Unizor - Geometry2D - Apollonius Problems - Points and Lines

Unizor - Creative Minds through Art of Mathematics - Math4Teens

Notes to a video lecture on http://www.unizor.com

Generally speaking, all problems related to construction of a circle tangential to three other geometrical objects, points, straight lines or circles, is referred to as one of the Apollonius problems. Obviously, there is a history behind it. We will not talk about this history and, for those interested, the Web is your best source for details.
Here we will spend some time to address these problems using some old, previously addressed, and some new techniques, wherever they are applicable.

Apollonius Problems 1

Problem PPP
Construct a circle passing through three given points, A, B and C, not lying on the same line.

Solution
This problem had been addressed before.
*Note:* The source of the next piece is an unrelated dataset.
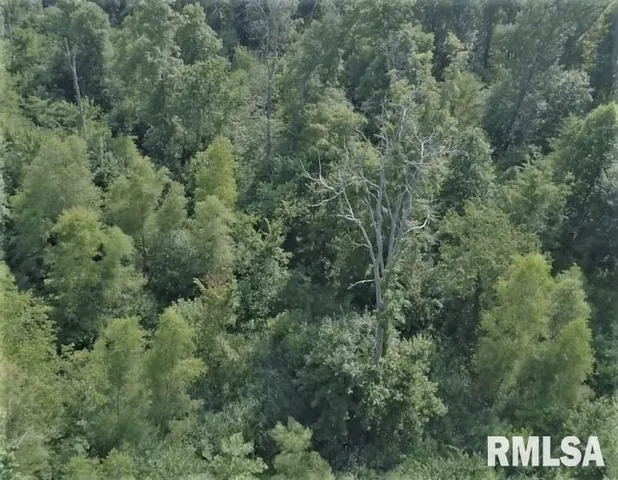 a view of a forest with lots of trees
Here is a recap.
A locus of points equidistant from two given points is a line passing through a midpoint of a segment connecting these two points and perpendicular to it (prove it!).
If three points A, B and C are not lying on the same line, the midpoint perpendicular to AB intersects the midpoint perpendicular to BC (prove it!), and their intersection is equidistant from all three points - A, B and C.
Incidentally, the consequence of this is that a perpendicular to a midpoint of AC also passes through the same intersection point, so all three midpoint perpendiculars intersecting at one point - a center of a circle passing through three given points (prove it!).

Problem PPL
Construct a circle passing through two given points, A and B, and tangential to a straight line d, presuming that both points are located on the same side from the line.

Solution
Solution is based on the Tangent-Secant Power theorem that states that, if from a point P outside a circle drawn a tangent with a point of tangency T and a secant intersecting a circle at points A and B, then
PA·PB = PT² (prove it!).
Given PA and PB, we can find PT as an altitude towards a hypotenuse in a right triangle, where the base of this altitude divides a hypotenuse into segments equal to PA and PB.
Knowing that, in case AB is not parallel to line d, we find their intersection P and find PT, thereby determining a point of tangency of line d and a circle.
Once this point T is found, two segment bisectors for segments AB and AT would give a center of a circle.
If AB ∥ d, point T lies on intersection of d and segment AB's bisector.

Problem PLL
Construct a circle passing through a given point A and tangential to two straight lines p and q.

Solution
A solution can be based on a transformation of scaling.
Consider a general case of an angle formed by lines p and q with a vertex M and point A inside this angle.
Assume a circle tangential to lines p and q is constructed and it passes through point A.
Connect vertex M with point A and consider a scaling of this picture relative to center of scaling positioned at vertex M with any factor. Obviously, lines p and q will be transformed into themselves, an old circle tangential to these lines will be transformed into a new circle also tangential to the same lines, and point A on an old circle will be transformed into another point A' lying on line MA an on a new circle.
Based on this, a construction can be started with any circle tangential to lines p and q (its center is, obviously, on a bisector of an angle formed by these lines). Consider a line MA and its intersection with this circle at point A' (two points will lead to two solutions).
Now all we have to do is apply a scaling that transforms point A' into point A. This scaling will transform a circle we started with into the one needed.
A case of parallel lines p and q is trivial since we can easily determine the radius of a circle we want to construct - it is half the distance between these lines.

Problem LLL
Construct a circle tangential to three straight lines p, q and r.

Solution
Lines should not be all parallel. If two are, the case is simple since we know the radius of a circle. So, consider a general case of three lines forming a triangle.
In this general case we deal with a problem of inscribing a circle into a triangle. As we know, it's center lies on intersection of its angles' bisectors.